Top of Information
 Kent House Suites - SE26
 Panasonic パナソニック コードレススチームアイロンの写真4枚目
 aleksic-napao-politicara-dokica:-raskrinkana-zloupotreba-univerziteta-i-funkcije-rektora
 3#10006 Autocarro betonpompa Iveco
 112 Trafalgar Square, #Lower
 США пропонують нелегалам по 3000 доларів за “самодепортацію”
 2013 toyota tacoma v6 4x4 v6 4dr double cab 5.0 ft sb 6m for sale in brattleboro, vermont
Bottom of Information
Top of Information
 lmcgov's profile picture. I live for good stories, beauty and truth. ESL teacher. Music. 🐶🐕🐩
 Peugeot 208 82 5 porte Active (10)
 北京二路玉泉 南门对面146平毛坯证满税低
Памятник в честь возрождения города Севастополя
Bottom of Information
Exercise requirements
In the entries above, restate word for word the lines between the one holding "Panasonic パナソニック コードレススチームアイロンの写真4枚目" and the one holding "2013 toyota tacoma", inclusive, and nothing besides.

Response for this exercise
 Panasonic パナソニック コードレススチームアイロンの写真4枚目
 aleksic-napao-politicara-dokica:-raskrinkana-zloupotreba-univerziteta-i-funkcije-rektora
 3#10006 Autocarro betonpompa Iveco
 112 Trafalgar Square, #Lower
 США пропонують нелегалам по 3000 доларів за “самодепортацію”
 2013 toyota tacoma v6 4x4 v6 4dr double cab 5.0 ft sb 6m for sale in brattleboro, vermont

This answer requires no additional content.